RECORDS PROVIDED section start

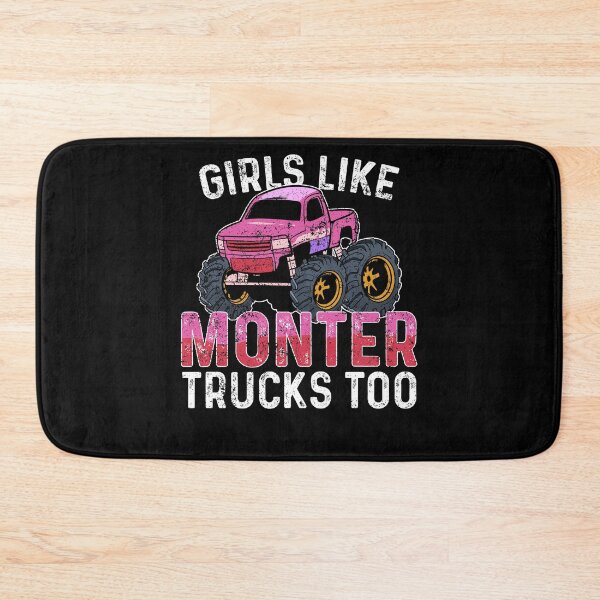 Item preview, Monster Trucks designed and sold by 4tomic.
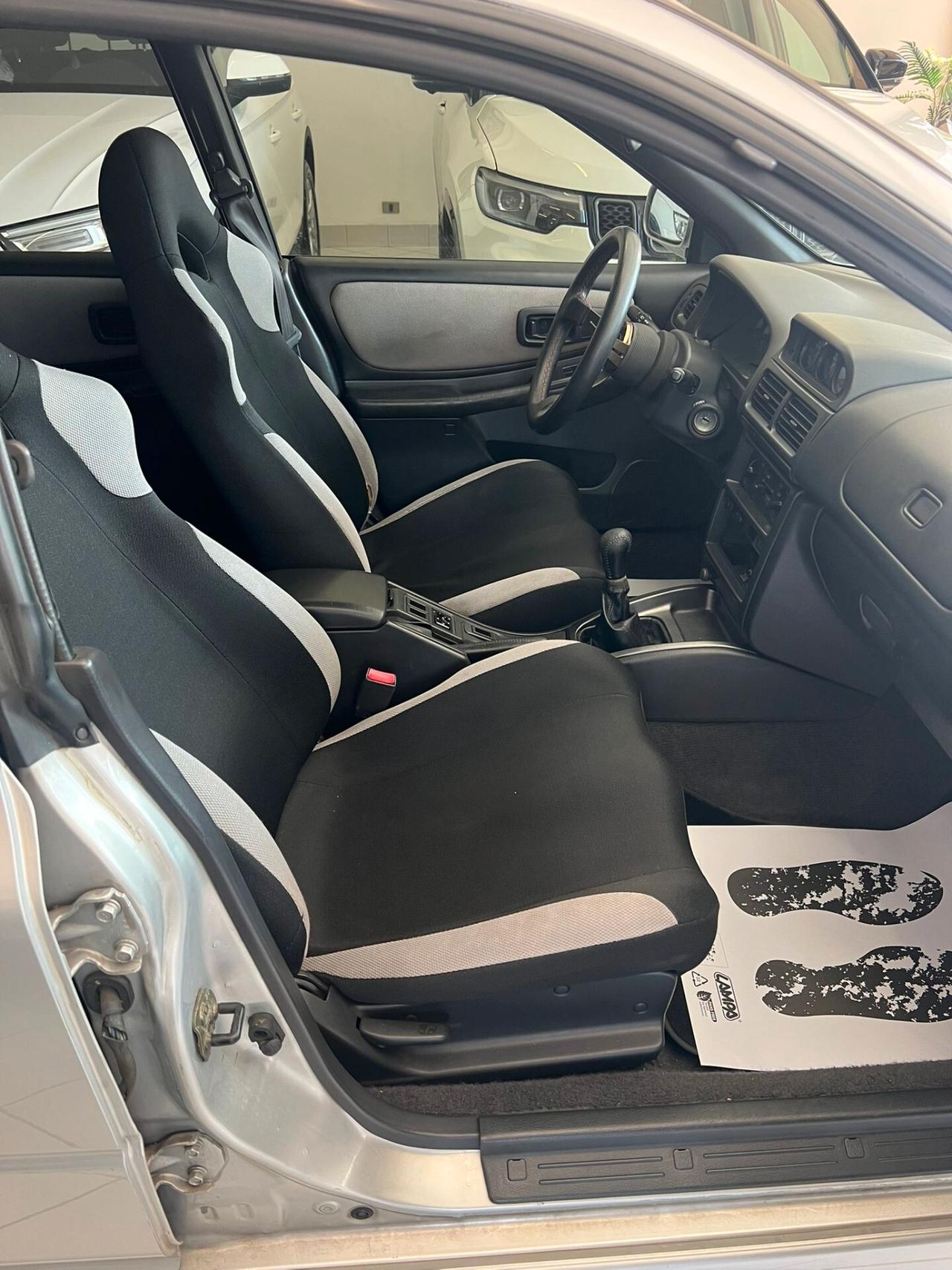 Subaru Impreza 2.0i T 16V cat 4WD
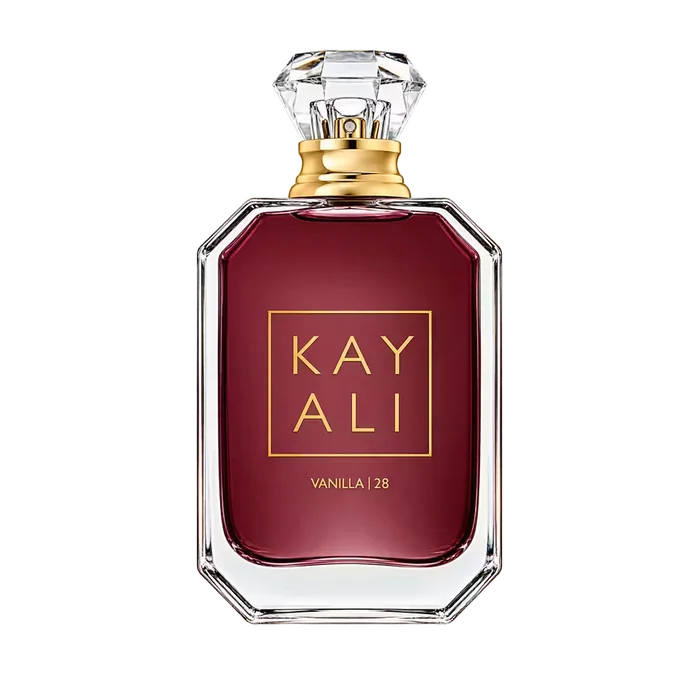 Kayali Vanilla 28 Eau de Parfum bottle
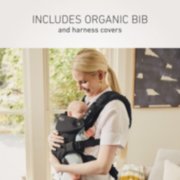 parent carrying baby in baby carrier image number 7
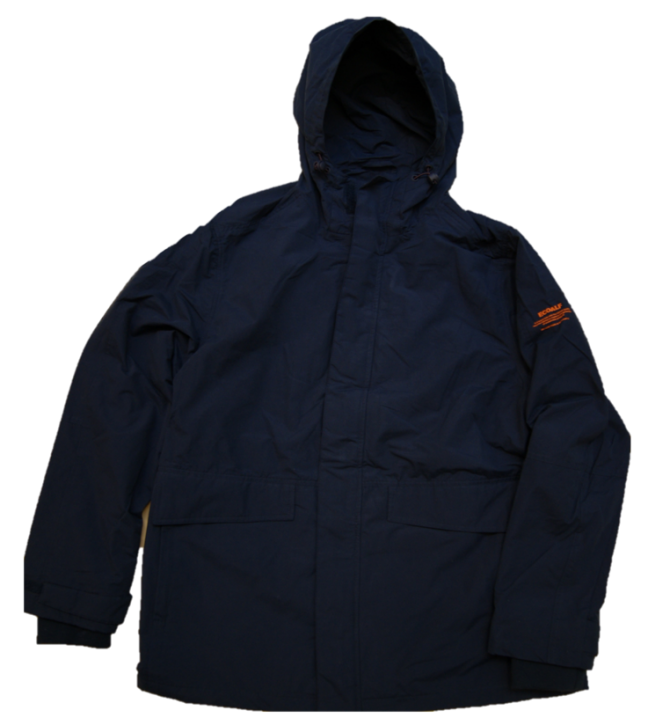 ECOALF Herren Kapuzen Outdoor Jacke JUNABEE deepblue 161 ECOALF Herren Kapuzen Outdoor Jacke JUNABEE deepblue 161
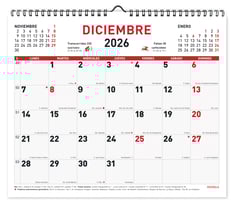 Agendas, Calendarios, Dietarios y Tacos Myrga 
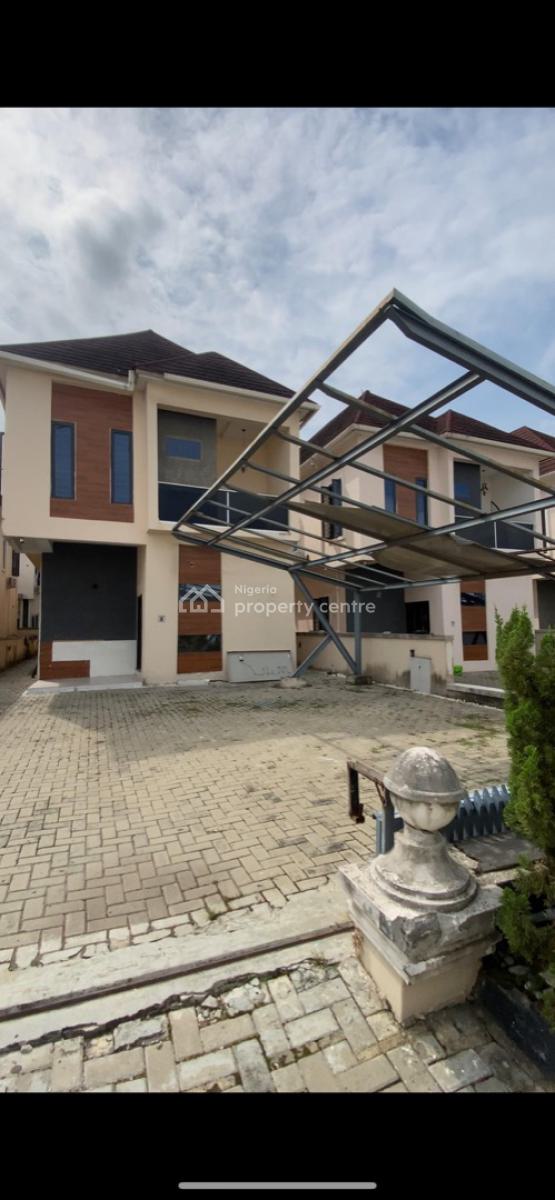 5 Bedroom Detached Duplex with Bq, Van Daniels, Orchid, Lekki, Lagos, Detached Duplex for Sale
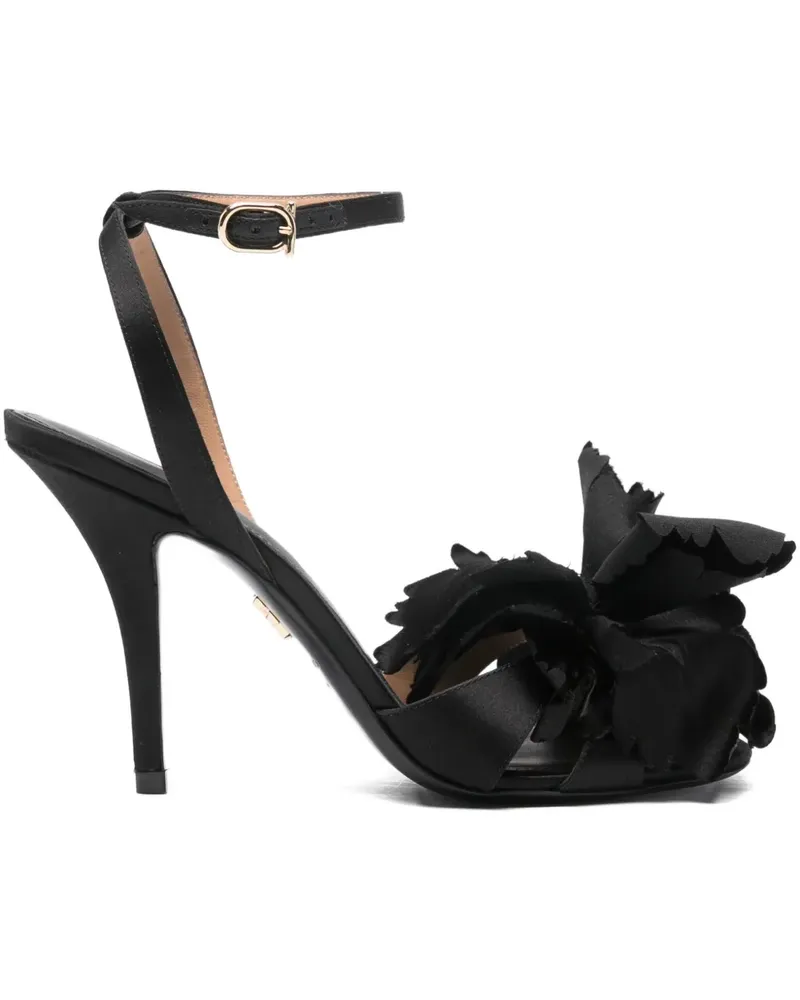 Ferragamo Ghilly Sandalen - Schwarz Schwarz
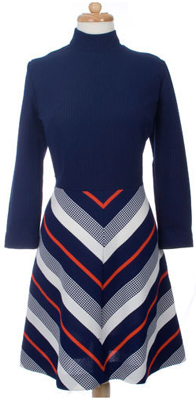 Mod Americana Dress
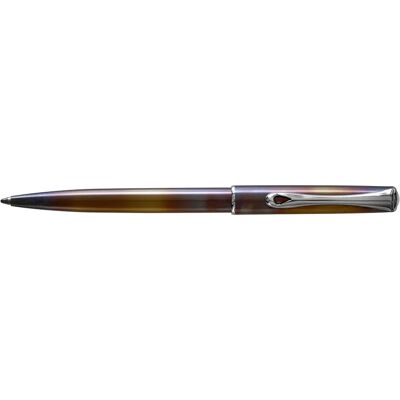 Diplomat Stylo à bille Traveller Flame easyFlow - Publicité Diplomat Stylo à bille Traveller Flame easyFlow - Publicité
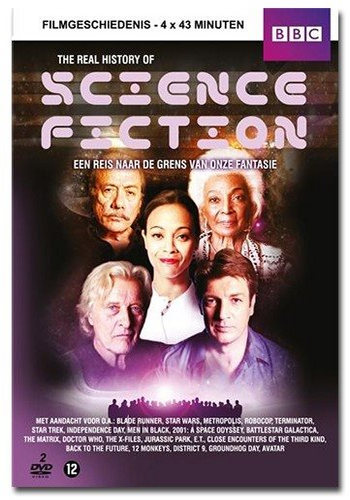 Реальная история научной фантастики (4 серии из 4) / The Real History of Science Fiction MVO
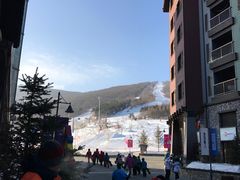 -中旅松花湖滑雪场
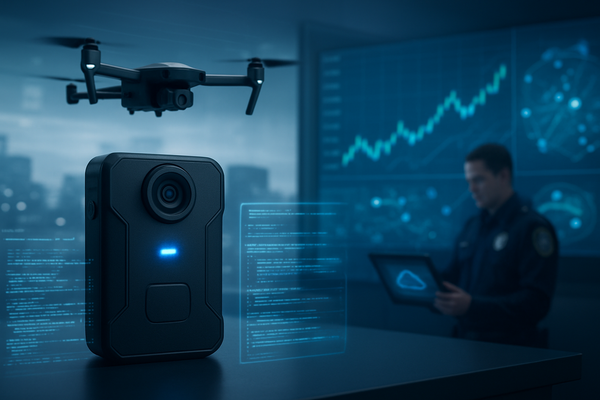 Tech-Driven Safety: Axon Enterprise Surges on 39% Revenue Growth and AI Expansion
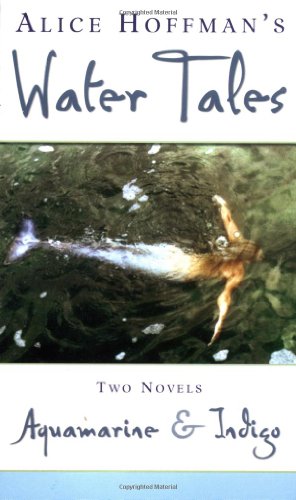 Stock image for Water Tales: Aquamarine & Indigo for sale by Goldstone Books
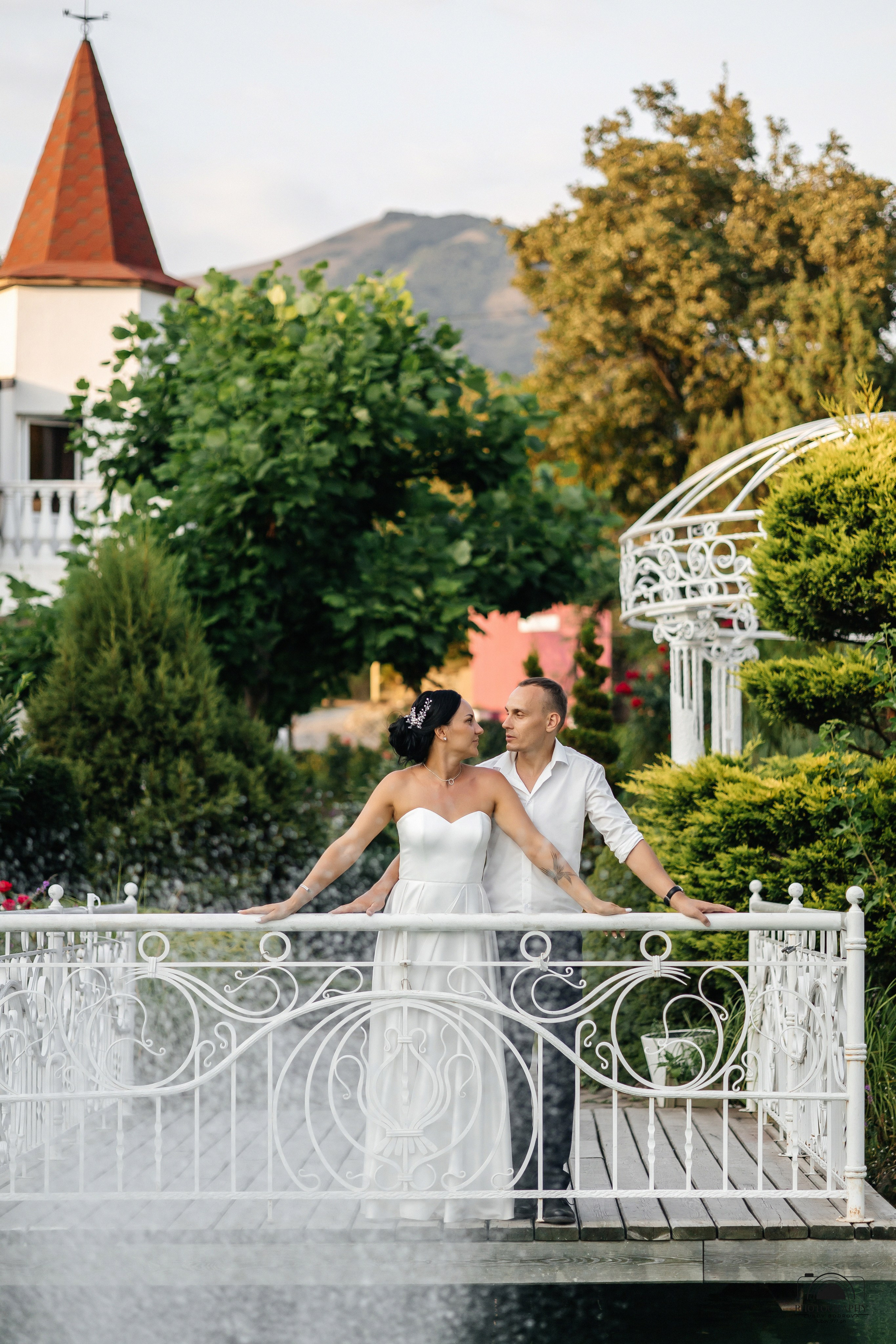 Александр и Карина. Семейный и портретный фотограф в Геленджике Любовь Бодрова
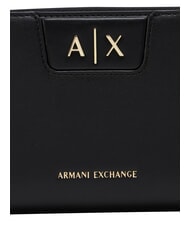 ARMANI EXCHANGE AMELIE Wallet with coin purse black - Women&rsquo;s Wallets - 4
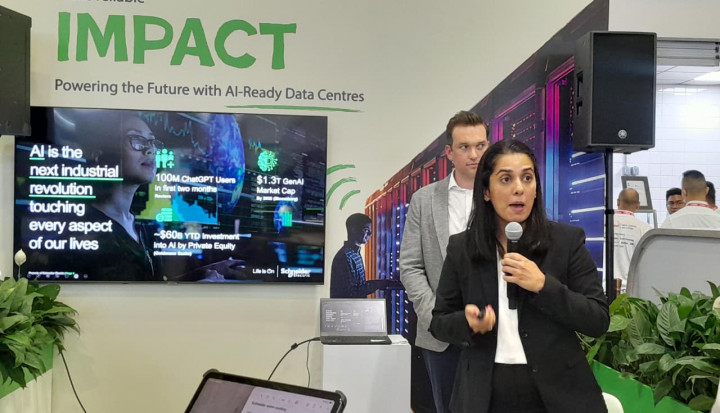 Ledakan AI Paksa Data Center Adopsi Pendingin Cair dan Arsitektur Daya Baru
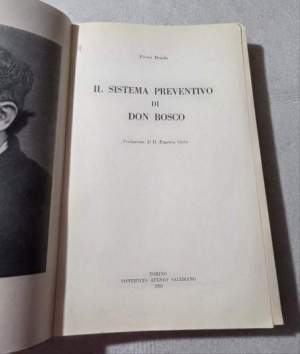 Il sistema preventivo di Don Bosco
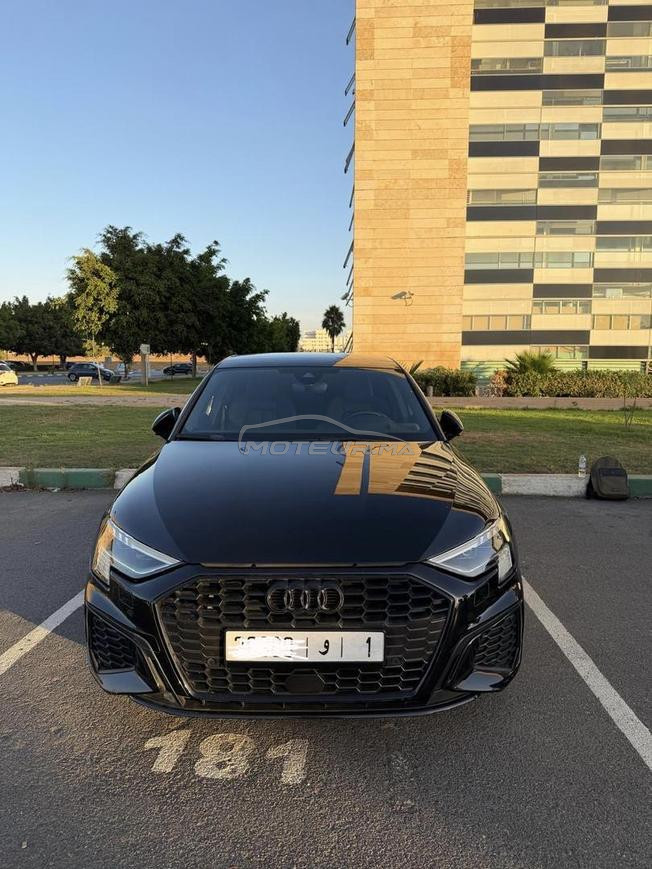 audi a3 sline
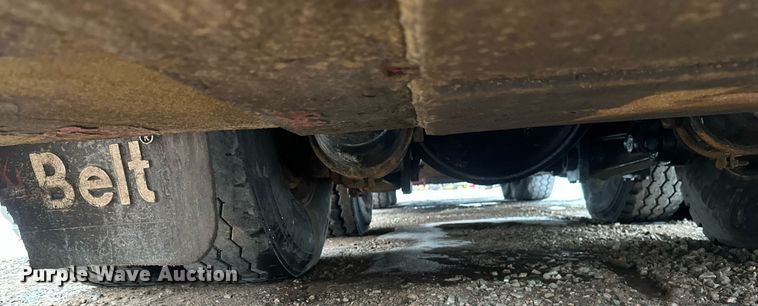 image for item YA0449 1996 Link Belt HTC8670 crane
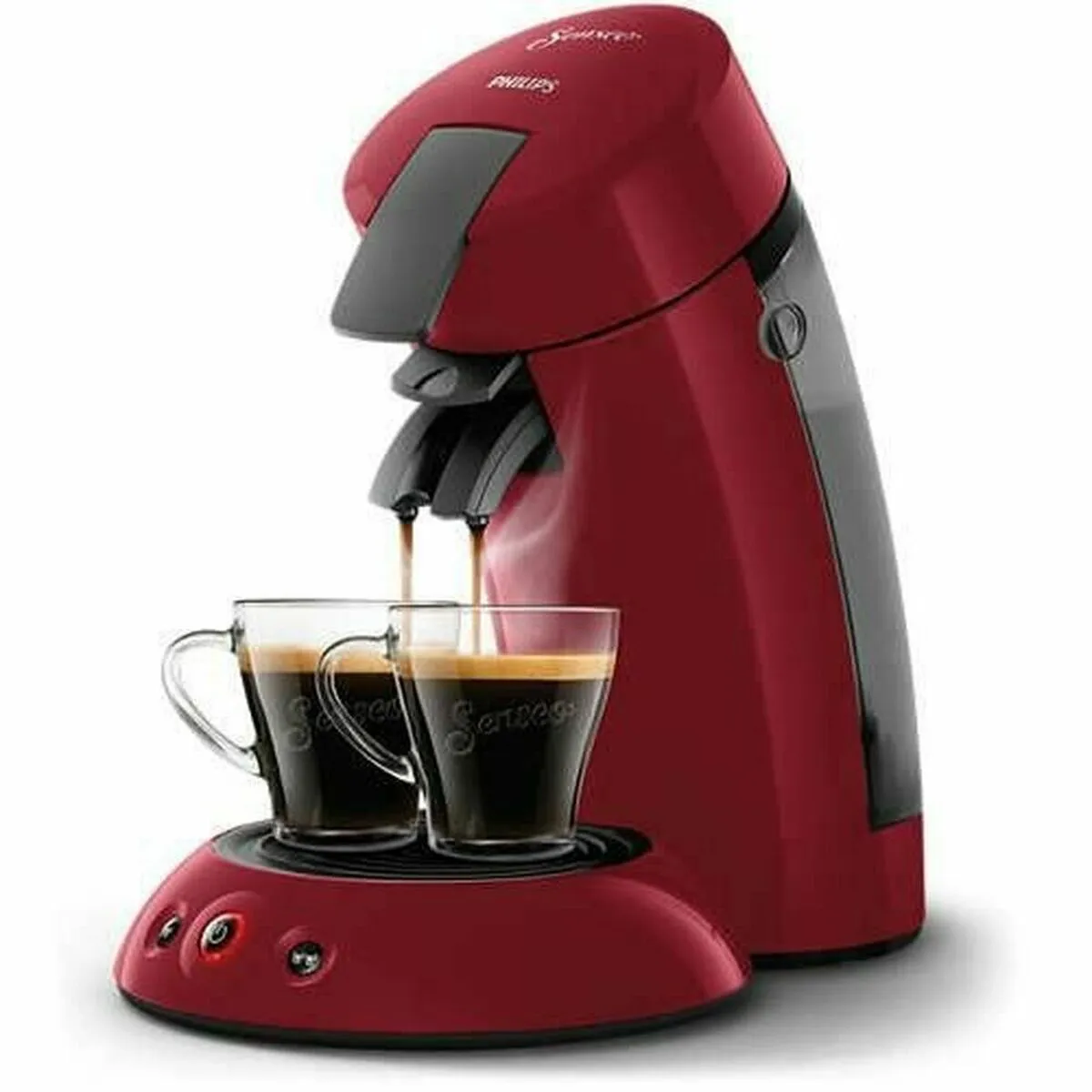 Caffettiera con Capsule Philips SENSEO ORIGINAL 1450 W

RECORDS PROVIDED section end

Would you return the entries verbatim, minus any images?

- [SOLVED PROBLEM]
 Item preview, Monster Trucks designed and sold by 4tomic.
 Subaru Impreza 2.0i T 16V cat 4WD
 Kayali Vanilla 28 Eau de Parfum bottle
 parent carrying baby in baby carrier image number 7
 ECOALF Herren Kapuzen Outdoor Jacke JUNABEE deepblue 161 ECOALF Herren Kapuzen Outdoor Jacke JUNABEE deepblue 161
 Agendas, Calendarios, Dietarios y Tacos Myrga 
 5 Bedroom Detached Duplex with Bq, Van Daniels, Orchid, Lekki, Lagos, Detached Duplex for Sale
 Ferragamo Ghilly Sandalen - Schwarz Schwarz
 Mod Americana Dress
 Diplomat Stylo à bille Traveller Flame easyFlow - Publicité Diplomat Stylo à bille Traveller Flame easyFlow - Publicité
 Реальная история научной фантастики (4 серии из 4) / The Real History of Science Fiction MVO
 -中旅松花湖滑雪场
 Tech-Driven Safety: Axon Enterprise Surges on 39% Revenue Growth and AI Expansion
 Stock image for Water Tales: Aquamarine & Indigo for sale by Goldstone Books
 Александр и Карина. Семейный и портретный фотограф в Геленджике Любовь Бодрова
 ARMANI EXCHANGE AMELIE Wallet with coin purse black - Women&rsquo;s Wallets - 4
 Ledakan AI Paksa Data Center Adopsi Pendingin Cair dan Arsitektur Daya Baru
 Il sistema preventivo di Don Bosco
 audi a3 sline
 image for item YA0449 1996 Link Belt HTC8670 crane
 Caffettiera con Capsule Philips SENSEO ORIGINAL 1450 W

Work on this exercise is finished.